--- EXERCISE GOAL ---
Set the data down exactly as it stands, and keep its pictures out.

Captioned web images
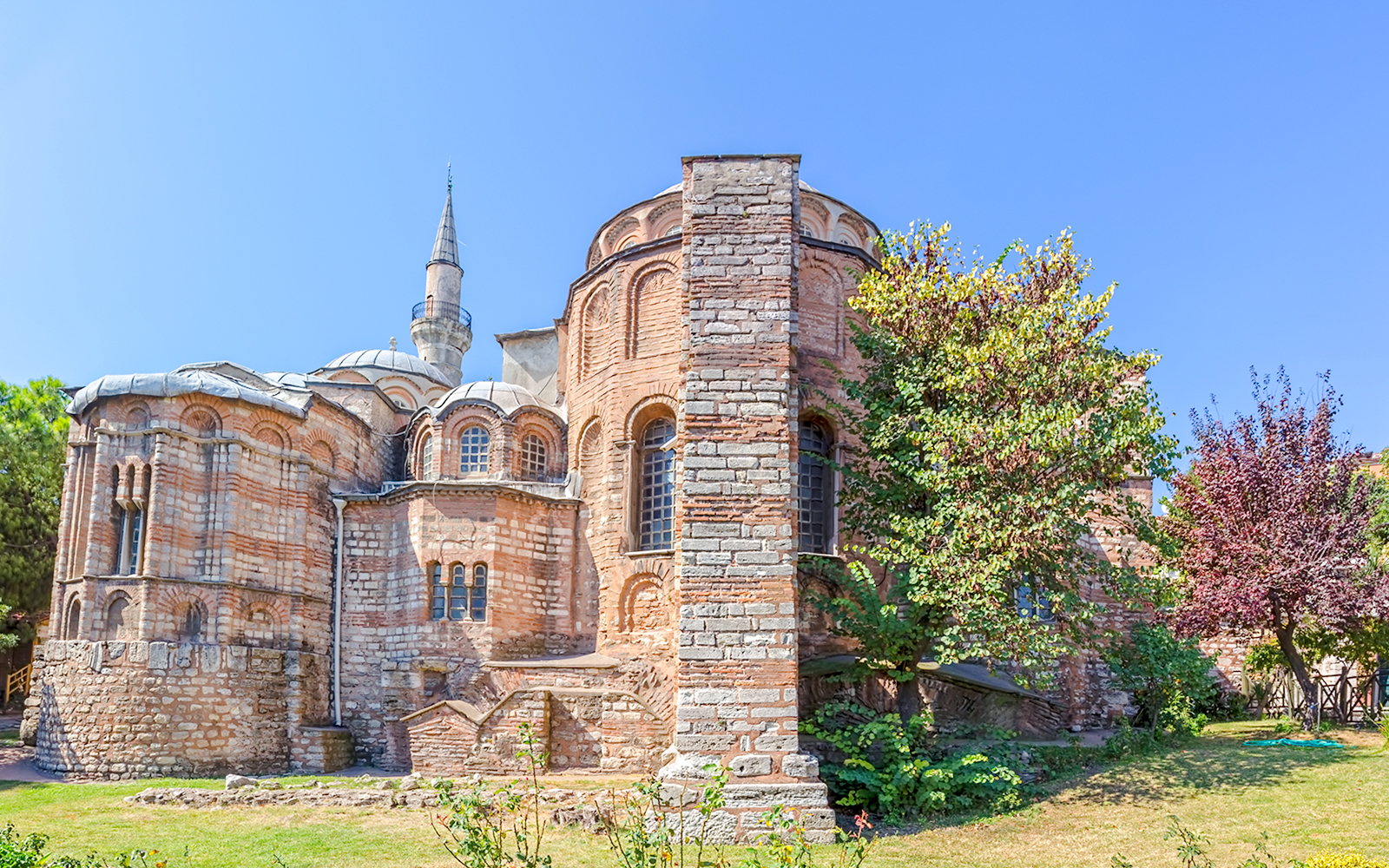 Kariye Mosque exterior with brickwork and minaret in Istanbul.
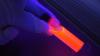 Scientist holding a glowing stick 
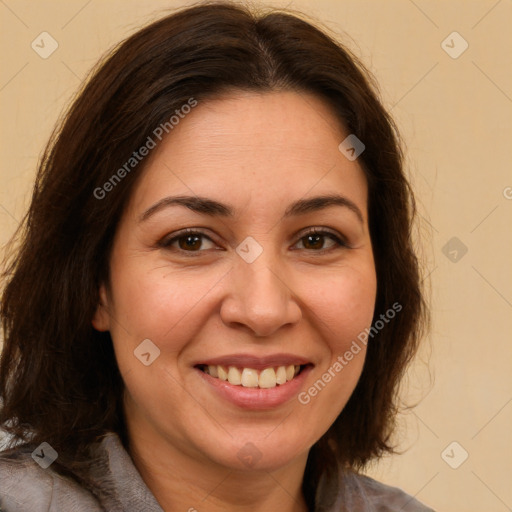 Joyful white adult female with long  brown hair and brown eyes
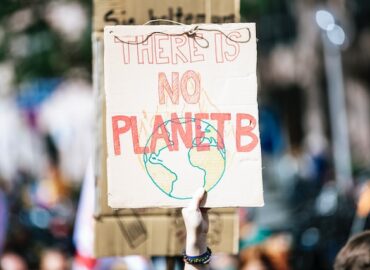 a cardboard sign saying there is no planet B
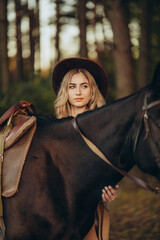 Naklejka premium A young beautiful woman walks with her horse in the forest in early autumn. Walking with a horse in the forest.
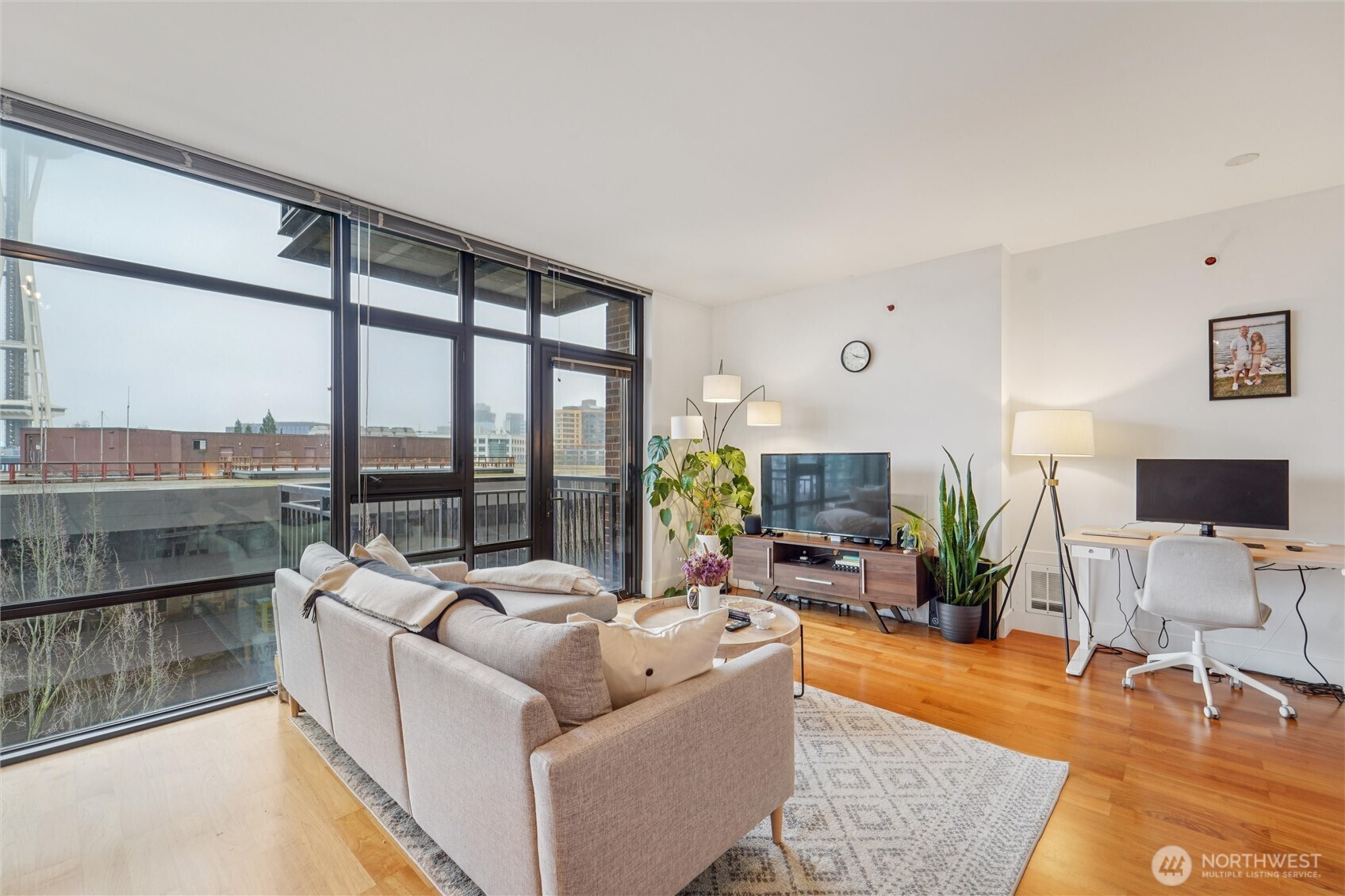 2911 2nd Avenue, Unit 818 Seattle, WA 98121 - Photo 7 of 15 a living room with furniture large windows and a flat screen tv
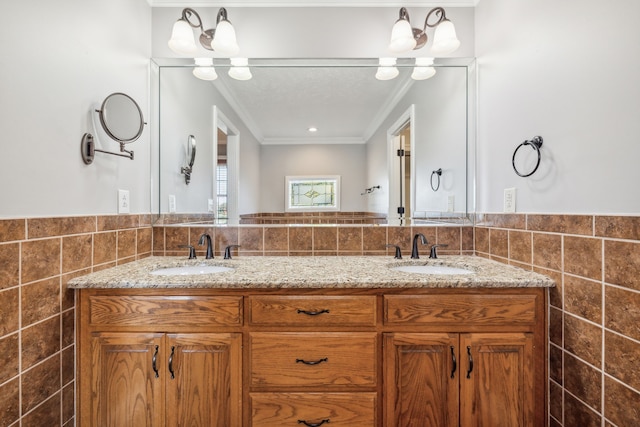 bathroom with tile walls, vanity, and crown molding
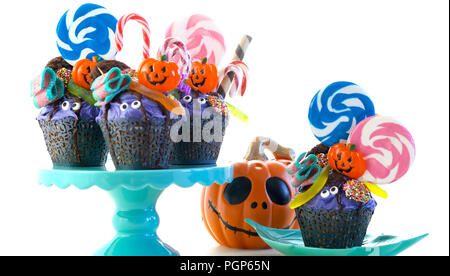 Happy Halloween candyland drip cake style cupcakes with lollipops and candy on white background. Stock Photo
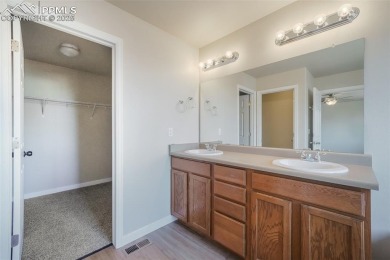 This impressive 3,350 sq. ft. two-story home in Meridian Ranch on Antler Creek Golf Course in Colorado - for sale on GolfHomes.com, golf home, golf lot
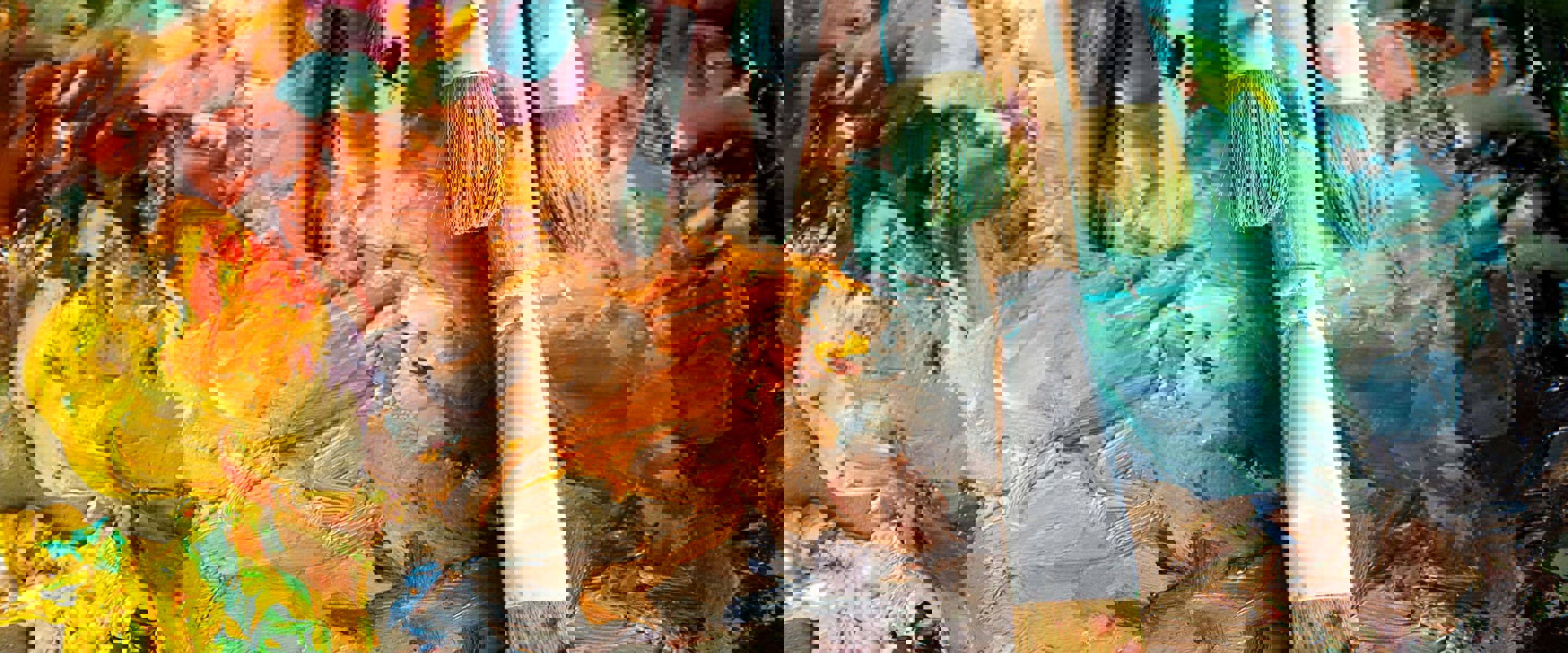 Different sized paint brushes lying on top of an abstract painting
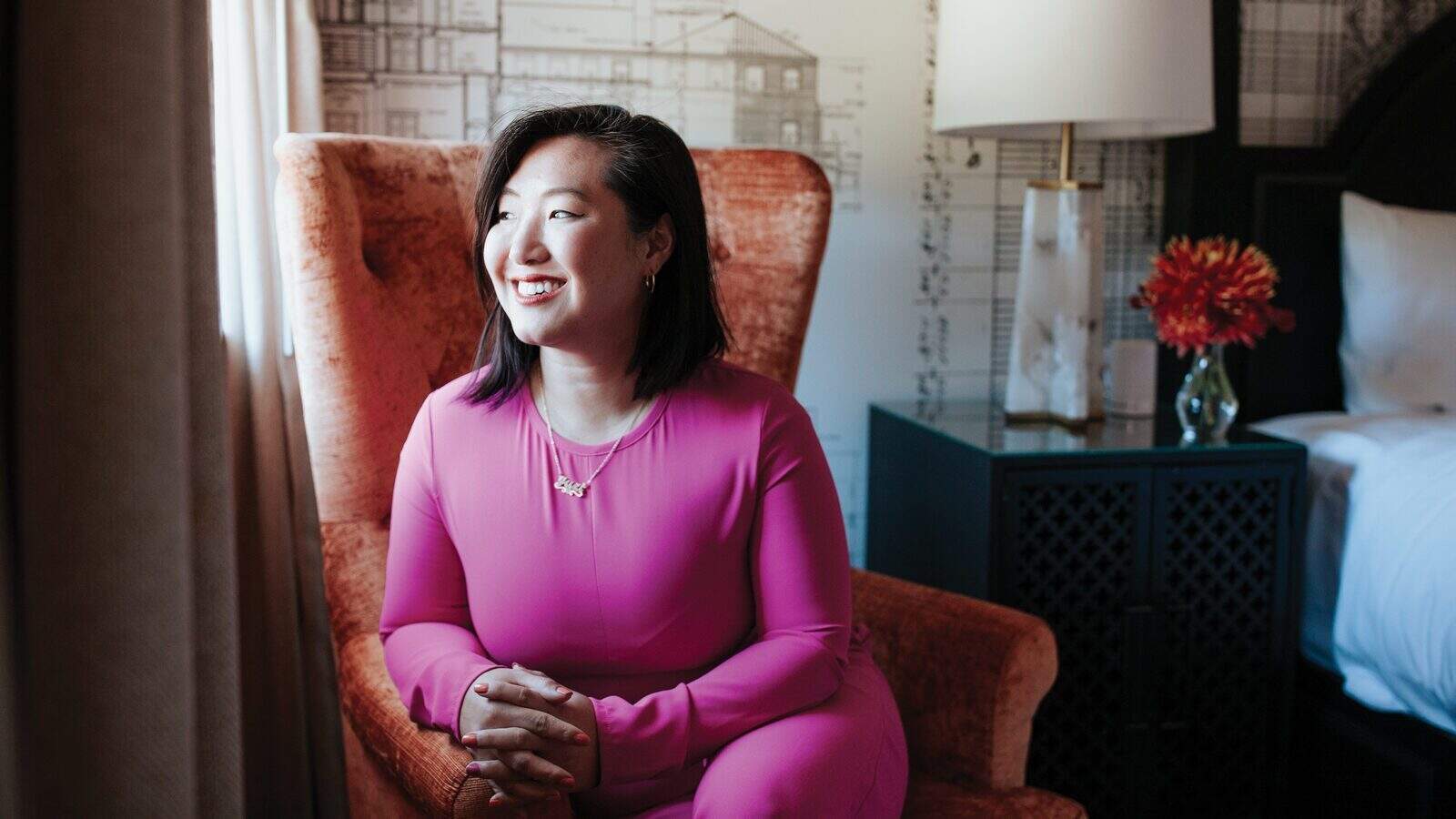 Trailblazing Women: Stephiney Foley sits in a bright pink outfit on an orange chair, smiling as she looks toward the window. A lamp and a vase with red flowers adorn the table beside her.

--- SOLUTION FOR THIS TASK ---
 Kariye Mosque exterior with brickwork and minaret in Istanbul.
 Scientist holding a glowing stick 
 Joyful white adult female with long  brown hair and brown eyes
 a cardboard sign saying there is no planet B
 Naklejka premium A young beautiful woman walks with her horse in the forest in early autumn. Walking with a horse in the forest.
 2911 2nd Avenue, Unit 818 Seattle, WA 98121 - Photo 7 of 15 a living room with furniture large windows and a flat screen tv
 bathroom with tile walls, vanity, and crown molding
 Happy Halloween candyland drip cake style cupcakes with lollipops and candy on white background. Stock Photo
 This impressive 3,350 sq. ft. two-story home in Meridian Ranch on Antler Creek Golf Course in Colorado - for sale on GolfHomes.com, golf home, golf lot
 Different sized paint brushes lying on top of an abstract painting
 Trailblazing Women: Stephiney Foley sits in a bright pink outfit on an orange chair, smiling as she looks toward the window. A lamp and a vase with red flowers adorn the table beside her.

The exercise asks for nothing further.